That type has screened access and the bees should not be able to get into the feeder at large. If they do, there is something wrong, either you have a notched inner cover that is letting them in the top, or the wire is not right and is letting them under the wire...


----------



## JClaunch (Apr 7, 2014)

Michael Bush said:


> >Here's the type of feeder I'm using.
> 
> you have a notched inner cover that is letting them in the top


That's exactly what happened. Sealed it tight and it's all good now. Going to have to make some more syrup soon they've gone through all I had on hand 1+ gal


----------



## SallyD (Mar 12, 2011)

What did you use to seal the notched inner cover? Did you also screen the inner cover hole as well?


----------



## WBVC (Apr 25, 2013)

JClaunch said:


> I've just been given my first hive. It is a queenless split (2 frames each of egg, brood, and nectar/pollen/honey and a good complement of nurse bees) from a friend. It was suggested that I feed them for a while at least until they get established.
> 
> I'm feeding them with a feeder that is sitting on top of the deep the bees are in.

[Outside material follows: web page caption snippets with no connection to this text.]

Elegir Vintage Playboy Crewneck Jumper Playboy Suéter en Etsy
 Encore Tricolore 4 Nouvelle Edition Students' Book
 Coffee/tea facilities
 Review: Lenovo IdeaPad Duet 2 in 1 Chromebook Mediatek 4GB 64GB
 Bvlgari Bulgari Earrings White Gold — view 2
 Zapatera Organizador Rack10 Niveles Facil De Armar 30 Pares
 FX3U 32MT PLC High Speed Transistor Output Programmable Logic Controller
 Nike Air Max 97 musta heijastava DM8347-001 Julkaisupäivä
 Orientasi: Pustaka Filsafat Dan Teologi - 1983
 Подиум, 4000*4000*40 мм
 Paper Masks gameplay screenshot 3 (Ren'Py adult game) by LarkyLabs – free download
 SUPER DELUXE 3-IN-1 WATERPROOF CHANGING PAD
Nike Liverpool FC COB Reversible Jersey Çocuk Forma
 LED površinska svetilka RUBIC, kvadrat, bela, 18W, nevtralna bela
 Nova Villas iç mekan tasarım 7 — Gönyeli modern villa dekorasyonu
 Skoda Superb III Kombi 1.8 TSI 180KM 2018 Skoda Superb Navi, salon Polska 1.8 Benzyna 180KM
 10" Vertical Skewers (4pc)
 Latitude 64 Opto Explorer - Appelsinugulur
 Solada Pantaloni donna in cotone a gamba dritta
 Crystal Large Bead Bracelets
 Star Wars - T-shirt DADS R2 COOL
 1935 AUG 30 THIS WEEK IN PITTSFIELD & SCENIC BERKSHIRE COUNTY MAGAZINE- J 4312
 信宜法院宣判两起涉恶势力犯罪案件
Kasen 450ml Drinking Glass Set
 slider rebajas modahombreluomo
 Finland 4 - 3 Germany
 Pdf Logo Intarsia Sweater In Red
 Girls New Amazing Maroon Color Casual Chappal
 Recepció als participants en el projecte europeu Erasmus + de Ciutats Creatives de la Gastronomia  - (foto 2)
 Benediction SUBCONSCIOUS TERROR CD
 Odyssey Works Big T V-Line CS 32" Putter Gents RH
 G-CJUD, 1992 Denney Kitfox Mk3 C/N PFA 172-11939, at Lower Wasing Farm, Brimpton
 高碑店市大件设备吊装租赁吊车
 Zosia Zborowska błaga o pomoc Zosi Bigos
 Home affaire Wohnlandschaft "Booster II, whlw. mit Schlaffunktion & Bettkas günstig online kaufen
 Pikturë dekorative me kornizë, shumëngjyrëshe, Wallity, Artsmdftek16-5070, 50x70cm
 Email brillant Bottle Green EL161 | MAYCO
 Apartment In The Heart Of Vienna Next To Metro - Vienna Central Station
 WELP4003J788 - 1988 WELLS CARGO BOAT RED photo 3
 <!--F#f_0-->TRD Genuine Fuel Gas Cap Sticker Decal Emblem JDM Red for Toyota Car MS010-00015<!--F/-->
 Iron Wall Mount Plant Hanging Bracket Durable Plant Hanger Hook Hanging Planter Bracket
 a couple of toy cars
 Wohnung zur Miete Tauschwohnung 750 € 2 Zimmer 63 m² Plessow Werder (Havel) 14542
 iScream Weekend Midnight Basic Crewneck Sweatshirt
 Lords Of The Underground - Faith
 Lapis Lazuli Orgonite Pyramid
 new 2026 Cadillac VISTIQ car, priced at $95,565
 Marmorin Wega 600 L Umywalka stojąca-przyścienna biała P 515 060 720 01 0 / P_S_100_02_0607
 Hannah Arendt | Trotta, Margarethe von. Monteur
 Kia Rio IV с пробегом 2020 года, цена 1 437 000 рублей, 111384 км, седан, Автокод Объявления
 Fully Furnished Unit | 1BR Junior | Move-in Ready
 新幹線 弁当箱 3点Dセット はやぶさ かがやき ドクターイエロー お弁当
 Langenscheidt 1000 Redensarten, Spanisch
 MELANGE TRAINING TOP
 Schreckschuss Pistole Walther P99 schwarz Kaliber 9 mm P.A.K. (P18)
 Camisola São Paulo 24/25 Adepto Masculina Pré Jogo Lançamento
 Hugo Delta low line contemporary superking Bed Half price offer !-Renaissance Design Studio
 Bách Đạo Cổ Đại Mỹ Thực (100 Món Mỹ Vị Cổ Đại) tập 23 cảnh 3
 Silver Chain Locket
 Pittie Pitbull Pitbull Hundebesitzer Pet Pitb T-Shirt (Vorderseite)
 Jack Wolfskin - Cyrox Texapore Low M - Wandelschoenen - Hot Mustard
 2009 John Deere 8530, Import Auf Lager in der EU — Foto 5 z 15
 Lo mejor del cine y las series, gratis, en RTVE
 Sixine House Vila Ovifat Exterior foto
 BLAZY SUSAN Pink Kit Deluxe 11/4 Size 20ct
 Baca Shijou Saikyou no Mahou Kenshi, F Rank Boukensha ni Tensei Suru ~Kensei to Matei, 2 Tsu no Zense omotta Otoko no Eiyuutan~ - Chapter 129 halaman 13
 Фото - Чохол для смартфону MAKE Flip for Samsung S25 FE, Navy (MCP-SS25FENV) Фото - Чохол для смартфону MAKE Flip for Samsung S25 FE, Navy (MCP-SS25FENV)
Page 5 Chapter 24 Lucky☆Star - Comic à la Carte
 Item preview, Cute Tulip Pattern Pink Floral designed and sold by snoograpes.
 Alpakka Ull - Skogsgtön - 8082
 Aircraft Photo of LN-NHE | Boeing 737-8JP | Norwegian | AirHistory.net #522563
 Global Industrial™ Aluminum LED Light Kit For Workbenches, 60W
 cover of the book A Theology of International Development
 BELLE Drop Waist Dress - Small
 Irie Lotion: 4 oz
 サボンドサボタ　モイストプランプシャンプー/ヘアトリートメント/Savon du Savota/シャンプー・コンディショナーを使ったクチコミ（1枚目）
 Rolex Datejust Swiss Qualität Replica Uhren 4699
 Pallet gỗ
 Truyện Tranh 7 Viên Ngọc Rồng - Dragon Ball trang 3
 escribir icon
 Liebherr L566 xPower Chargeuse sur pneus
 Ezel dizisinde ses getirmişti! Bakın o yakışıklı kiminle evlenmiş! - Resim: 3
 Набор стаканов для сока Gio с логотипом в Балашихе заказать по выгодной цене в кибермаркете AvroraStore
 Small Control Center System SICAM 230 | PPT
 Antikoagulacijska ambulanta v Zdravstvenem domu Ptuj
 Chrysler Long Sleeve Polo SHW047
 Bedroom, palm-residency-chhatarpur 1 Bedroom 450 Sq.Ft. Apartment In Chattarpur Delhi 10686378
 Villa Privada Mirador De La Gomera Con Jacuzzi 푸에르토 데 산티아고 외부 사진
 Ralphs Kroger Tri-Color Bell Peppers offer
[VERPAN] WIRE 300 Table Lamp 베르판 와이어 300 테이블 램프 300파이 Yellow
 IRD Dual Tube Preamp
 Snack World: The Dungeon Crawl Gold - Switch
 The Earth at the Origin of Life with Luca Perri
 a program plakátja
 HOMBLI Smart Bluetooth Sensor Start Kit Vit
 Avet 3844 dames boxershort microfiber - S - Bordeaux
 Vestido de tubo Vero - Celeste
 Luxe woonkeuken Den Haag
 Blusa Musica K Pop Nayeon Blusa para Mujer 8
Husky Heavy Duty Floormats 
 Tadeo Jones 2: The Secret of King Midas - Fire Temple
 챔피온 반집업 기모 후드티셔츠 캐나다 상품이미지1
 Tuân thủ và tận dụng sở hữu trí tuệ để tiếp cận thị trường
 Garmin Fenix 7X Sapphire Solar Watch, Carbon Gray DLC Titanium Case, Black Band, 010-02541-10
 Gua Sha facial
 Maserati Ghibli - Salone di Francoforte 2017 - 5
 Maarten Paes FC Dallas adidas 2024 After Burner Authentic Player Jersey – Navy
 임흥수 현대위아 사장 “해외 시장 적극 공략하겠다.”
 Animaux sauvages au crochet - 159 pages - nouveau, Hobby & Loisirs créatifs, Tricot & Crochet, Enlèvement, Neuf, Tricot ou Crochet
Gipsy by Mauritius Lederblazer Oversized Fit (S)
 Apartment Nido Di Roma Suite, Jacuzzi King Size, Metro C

I went out today (4 days after the split) and found a good number of bees drowning or dead in the feeder and a fist size cluster on the ridge in the feeder. I know that some drowning is normal with most types of feeding, but I'm concerned since there's no way for the hive to replace the lost foragers.
> 
> ...


I have these feeders. If you put a bead of silicone along the edge then the drowned bee count drops to near zero. I think when lots crowd in they push the screen out and some get under. With the silicone bead this doesn't happen. Watch bees are not flying under your lid when check/top up your feeder...bees that are in can't get out. Also make certain your top is not warped...if so they will into the syrup portion of the feeder.
These feeders work well for me.


----------



## jhj8864 (Mar 8, 2014)

WBVC said:


> I have these feeders. If you put a bead of silicone along the edge then the drowned bee count drops to near zero. I think when lots crowd in they push the screen out and some get under. With the silicone bead this doesn't happen. Watch bees are not flying under your lid when check/top up your feeder...bees that are in can't get out. Also make certain your top is not warped...if so they will into the syrup portion of the feeder.
> These feeders work well for me.


I have the same feeder. Where exactly are you suggesting to run a bead of silicon? I think I may have a problem with bees getting in underneath the inner/telescoping cover as I see a herd of bees congregating there on one of my hives. I will do a full hive inspection tomorrow afternoon and see what's going on. Hoping not to find a half gallon of drowned or dead/trapped bees in there. I may have a 'notch' in my inner cover and not even have realized it - I wasn't aware there was such a thing...


----------



## Michael Bush (Aug 2, 2002)

Duct tape is an easy fix for a notched inner cover...


----------



## jhj8864 (Mar 8, 2014)

Michael Bush said:


> Duct tape is an easy fix for a notched inner cover...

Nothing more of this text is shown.